Neden böyle oldu bilmiyorum. Ama bu süreçte, mesela hiçbir hükümet yetkilisinin aklına, “Biz Kürt sorununu neden kerameti kendinden menkul, bu meseleyle hiç alakası olmayan bu şahsiyetlerle konuşuyoruz ki?” sorusu gelmedi. Yani hiç kimse, “Leyla Zana, Ahmet Türk, Sırrı Sakık, Osman Baydemir, Hatip Dicle gibileri dururken, biz neden gidip bu meseleyi, Can Yücel’in deyimiyle ‘Mem ú Zin’i limuzin sananlarla konuşuyoruz ki?” demedi.
***
Yapılan bütün toplantılarda ilk sözü hep bu “şahsiyetler” aldı. Hatta bunların bazıları da şu anda Kandil’de yetkili makamında... Bu “yetkililerden” birisi hiç Kürtçe bilmediği için ve tam kırk yıldan beri iki kelime Kürtçe öğrenme zahmetine katlanmadığı için, Türkçe bilmeyen birçok İranlı, Iraklı, Suriyeli Kürt genci, sırf bu “arkadaşla” konuşabilsin diye Türkçe öğrenmek zorunda kaldı.
Kuşkusuz, “bir lisan, bir insan” düsturuna inanıyorum, o gençlerin Türkçe öğrenmesi iyi olmuş, sadece meramımı daha iyi anlatmak için veriyorum bu örneği, yanlış anlaşılmak istemem!
***
Kendilerine “demokrasi güçleri” adını veren bu Türk solcularının sanatçı olanları, neredeyse yüzyıldan beri roman yazıyor, film, beste, resim yapıyor; yani “kültür-sanat mafyası” varsa eğer bu memlekette, bu mafyanın “godfather”ları da bunlar oluyor.

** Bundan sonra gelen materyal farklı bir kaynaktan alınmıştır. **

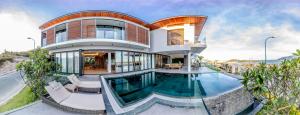 a large house with a swimming pool in front of it at Promotion Early Booker Corner Villa 5 Bedrooms infinity Pool & BBQ Outdoor in Nha Trang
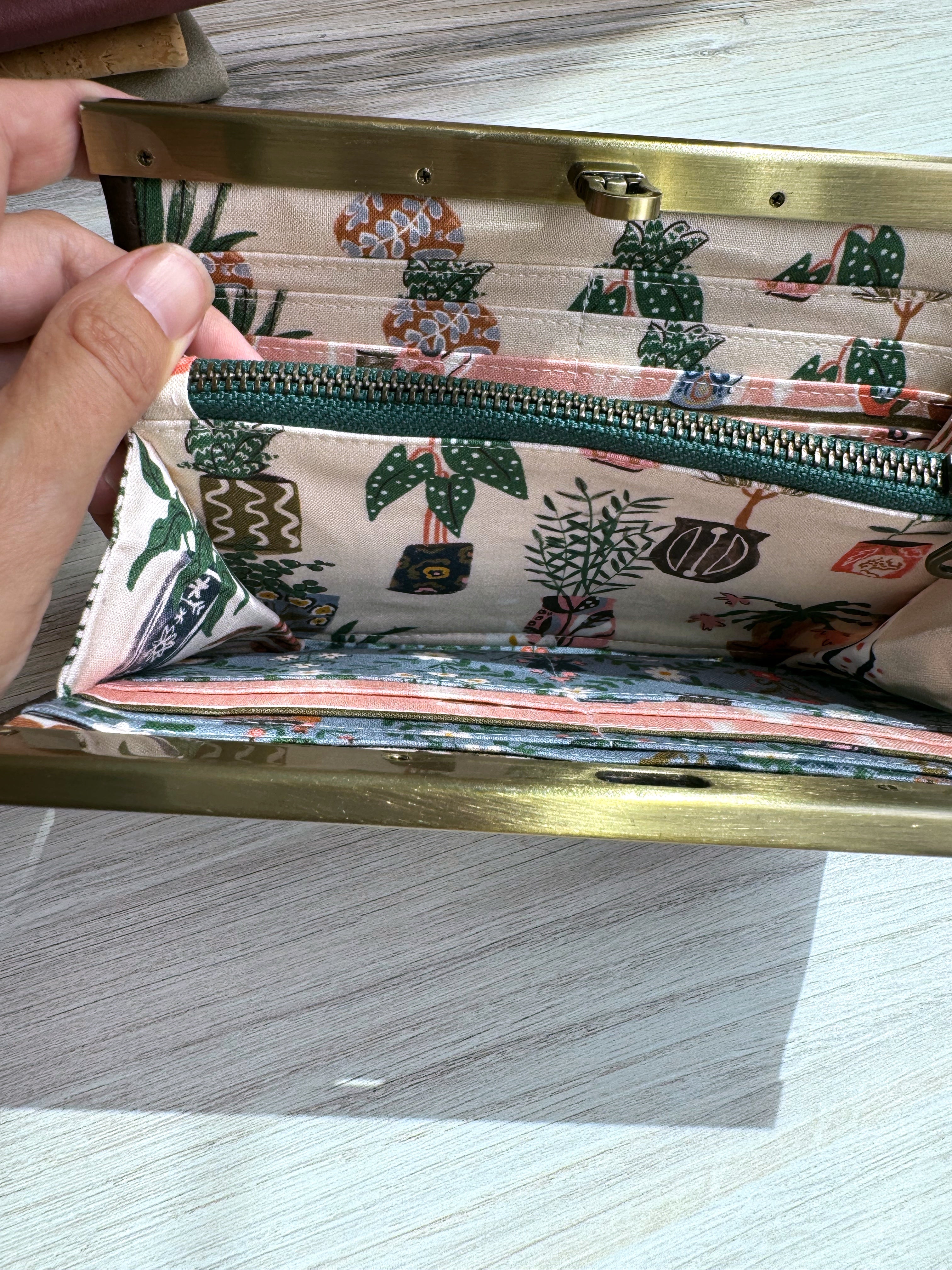 Accordion wallet with green zipper, many card slots, and adorable pink and blue fabric with variety of house plants.
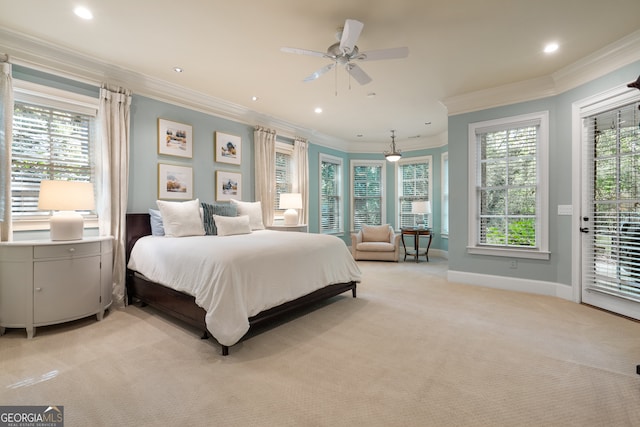 carpeted bedroom featuring crown molding, access to outside, and ceiling fan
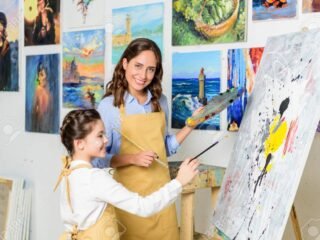 109464005-smiling-teacher-and-pupil-painting-in-workshop-of-art-school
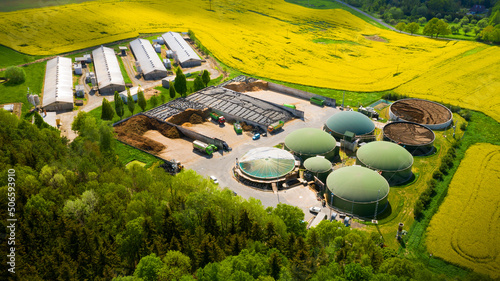 Biogas plant and farm in blooming rapeseed fields. Renewable energy from biomass. Aerial view to modern agriculture in Czech Republic and European Union. 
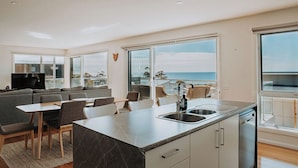 A modern living room with a sofa, dining table, and chairs, a kitchen with a sink and cabinets, and large windows offering a view of the sea.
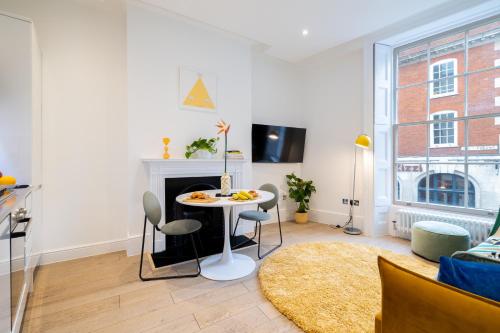 a living room with a table and chairs and a fireplace at Stay Kula London - Covent Garden Opera House in London
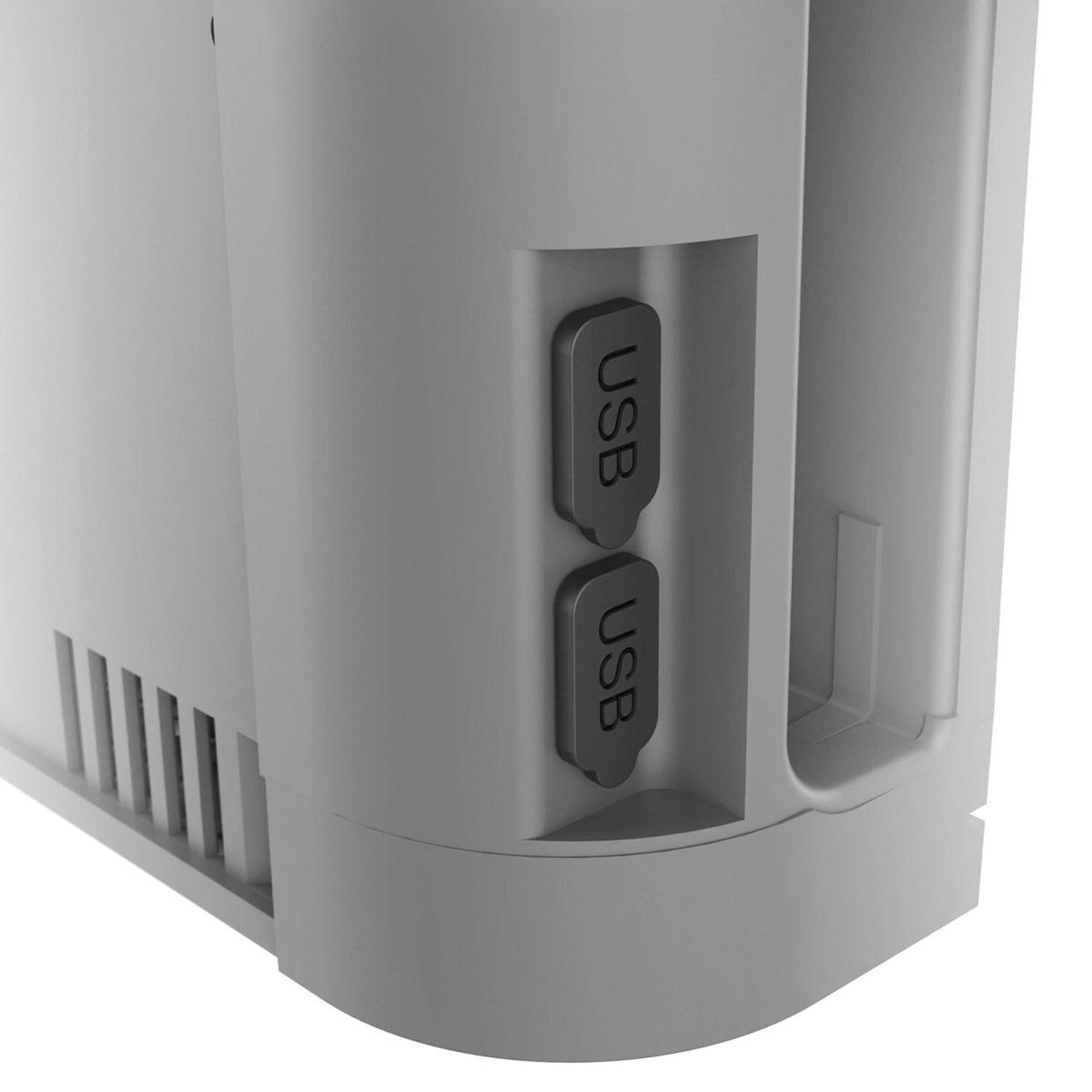 Primer plano de un dispositivo gris con dos puertos USB. Los puertos están etiquetados como USB. El dispositivo tiene un borde redondeado y una ventilación.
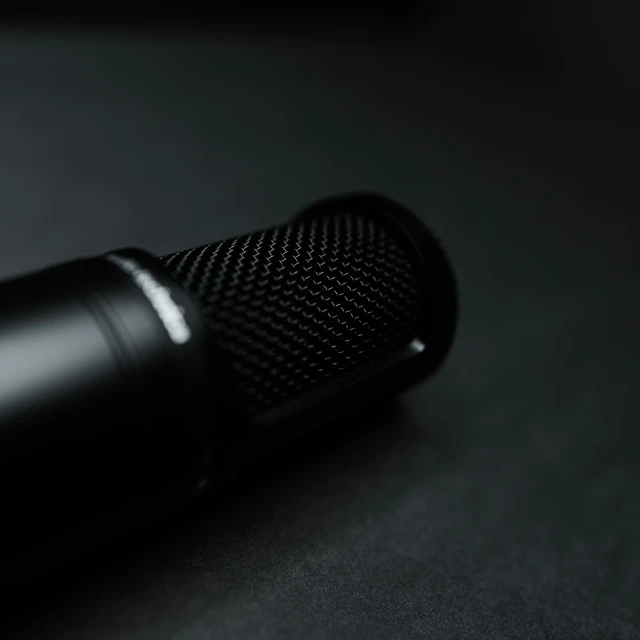 there is a microphone that is black and metallic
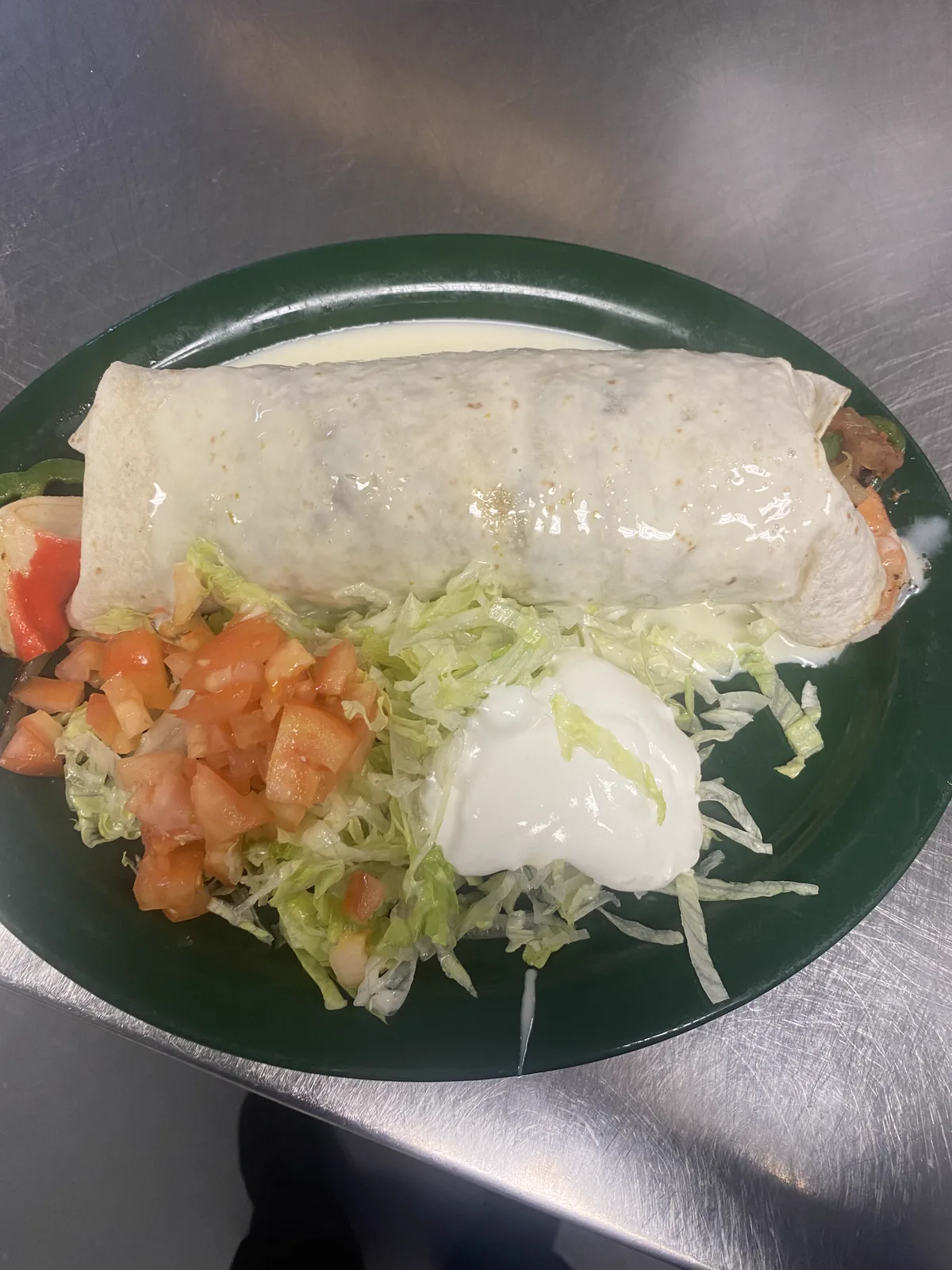 Before: burrito on green plate with washed-out lighting and cluttered prep area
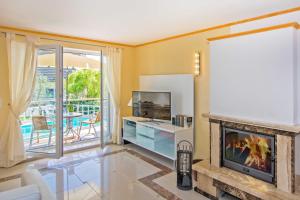 a living room with a fireplace and a television at Villa Europa in Heringsdorf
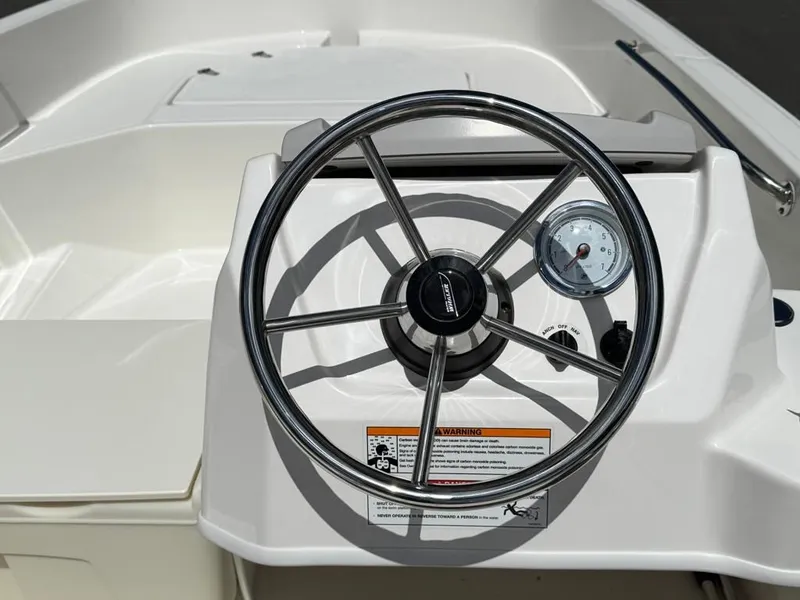 Slide: The Image of Steering wheel of Boston Whaler 160 Super Sport 2026. - 12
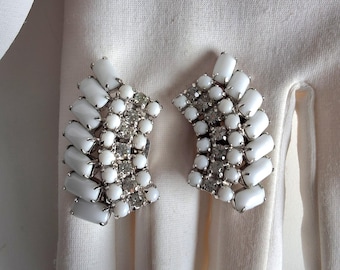 May include: A pair of vintage clip-on earrings. Each earring features a curved design with white rectangular and round stones, accented with smaller clear rhinestones. The earrings are set on a silver-tone metal backing.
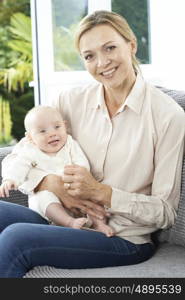 Portrait Of Grandmother With Baby Granddaughter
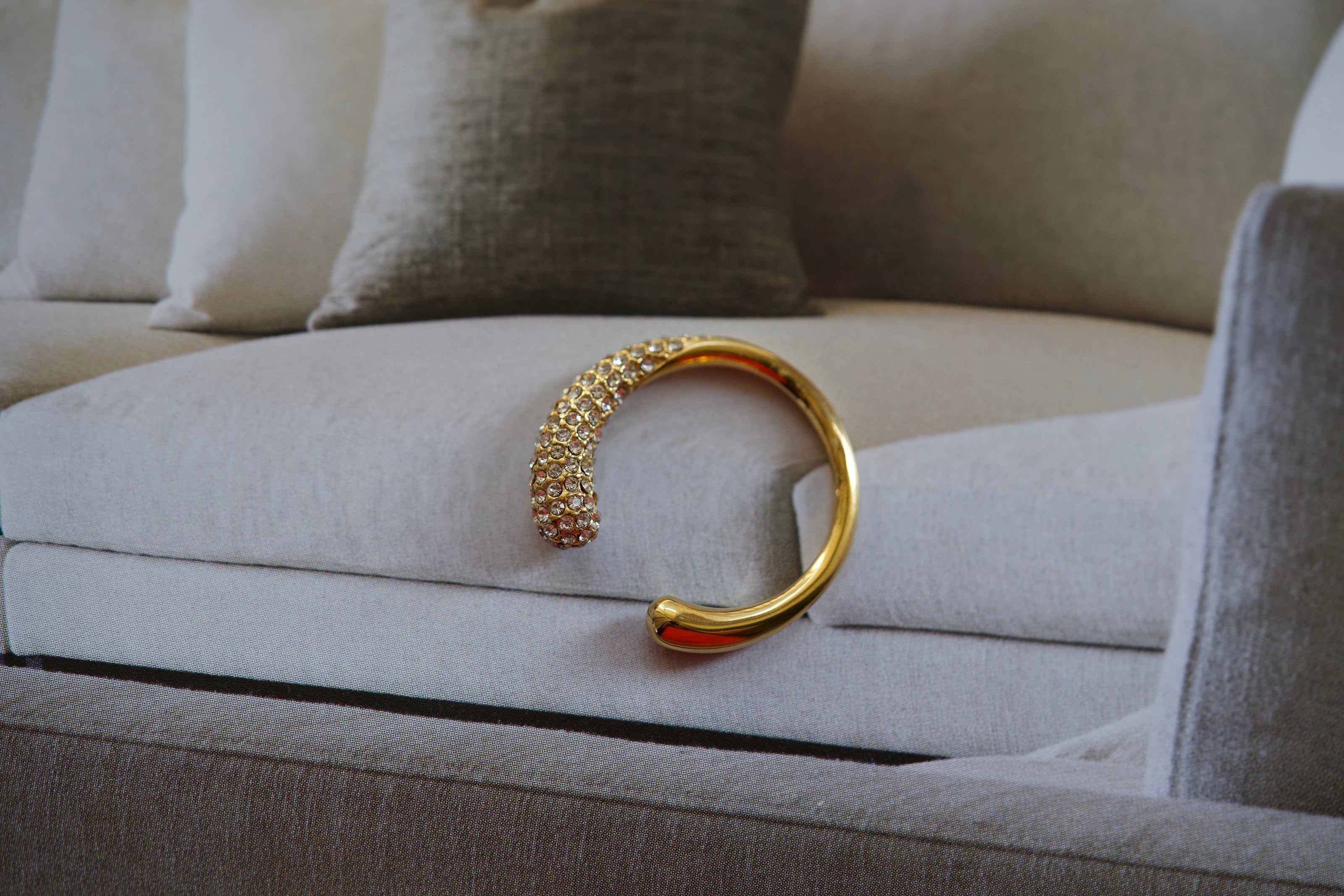 Gold-tone C-shaped crystal ring with sparkling rhinestone inset across the curve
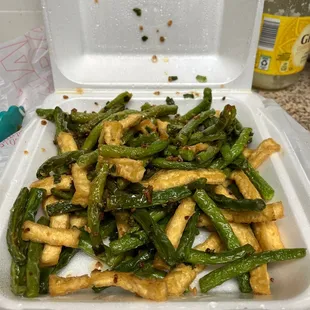 tofu and green beans in a styrofoam container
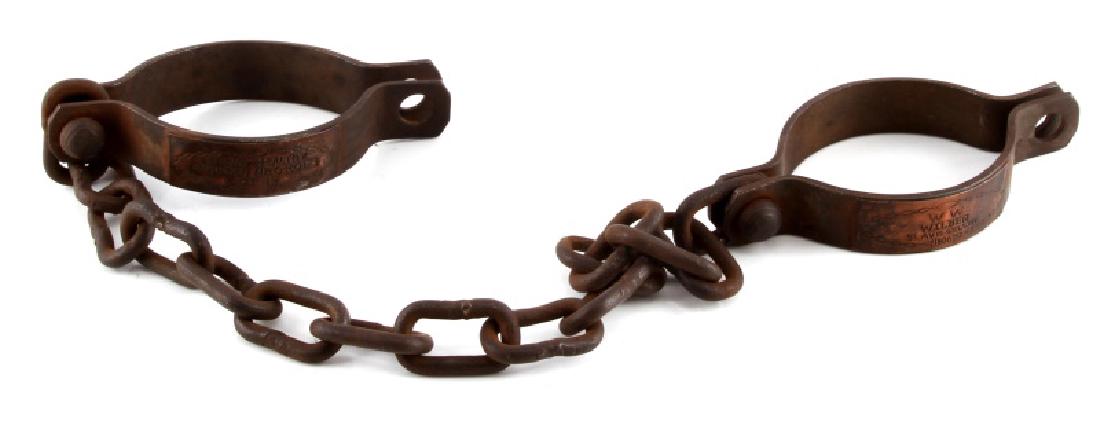 W W WILBER SLAVE SELLER CAST IRON CUFF SHACKLES: Cast iron slave shackles with copper plate engravings. One reads "W.W. WIlber Slave Seller 1806", the other reads "Strong Healthy African Negroes Lot 1A". 27" span. 3.5" x 2.75" cuff. Unauthenticated.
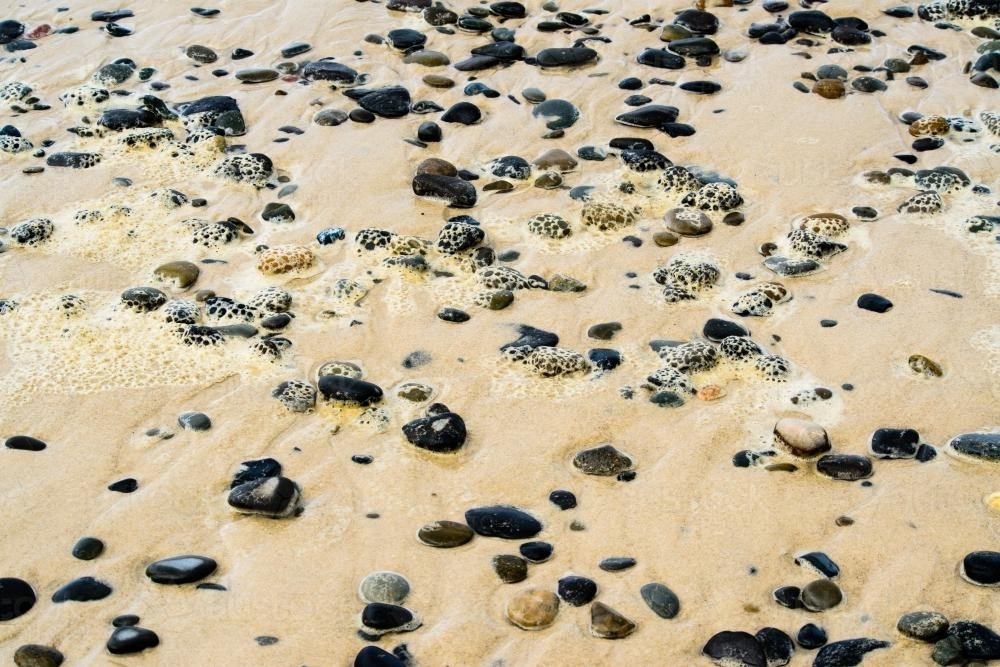 Pebbles scattered on a sand beach at low tide with foam - Australian Stock Image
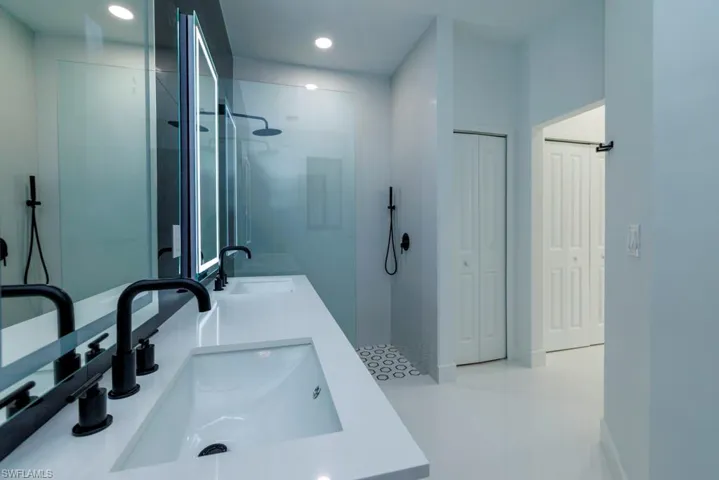 Full bath featuring double vanity, recessed lighting, tiled shower, and a sink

Buna rağmen, Cumhuriyet tarihi boyunca Kürtler, bunların yaptığı her sanat eserinde, toprakta elmas ararcasına kendilerinden bir “şey” arayıp durdular ama nafile. Bütün bu sanat ürünlerinde hep “katil”, “soyguncu”, “eşkıya”, “cahil” insanlar olarak buldular kendilerini.
Fakat iş Kürt’ü savaşa kışkırtmaya, ölüme göndermeye gelince, bütün yaratıcı hünerlerini ortaya koyuyorlar. Şiirler yazıyor, besteler yapıyor, “şanlı direnişlerine” methiyeler, destanlar düzüyor, sol yumruklarını havaya kaldırıp “özyönetim mücadelelerini” selamlıyorlar!
***
Haklarını yemeyelim, seksen yılda “Rojava”, “heval”, “Roboski” gibi birkaç Kürtçe kelimeyi ezberleyenler yok değil aralarında; son yıllarda dudaklarını büze büze bu kelimeleri kullananlara çok rastlanıyor televizyonlarda.
Ama sadece bu kadar!
Devlet de gidip bunlarla “Kürt sorununu” konuştu!
Onlar Kürt sorununun barışçı yollarla çözümünü değil, mevcut düzenin “devrim yoluyla” yıkılmasını istiyor, bunun için mücadele ediyorlar.
Silah zoruyla mevcut düzeni yıkmayı hedefleyenlerle barış konuşulur mu?
O yüzden, “Yeni dönemde muhatap bütün halkımızdır” diyor Başbakan Ahmet Davutoğlu!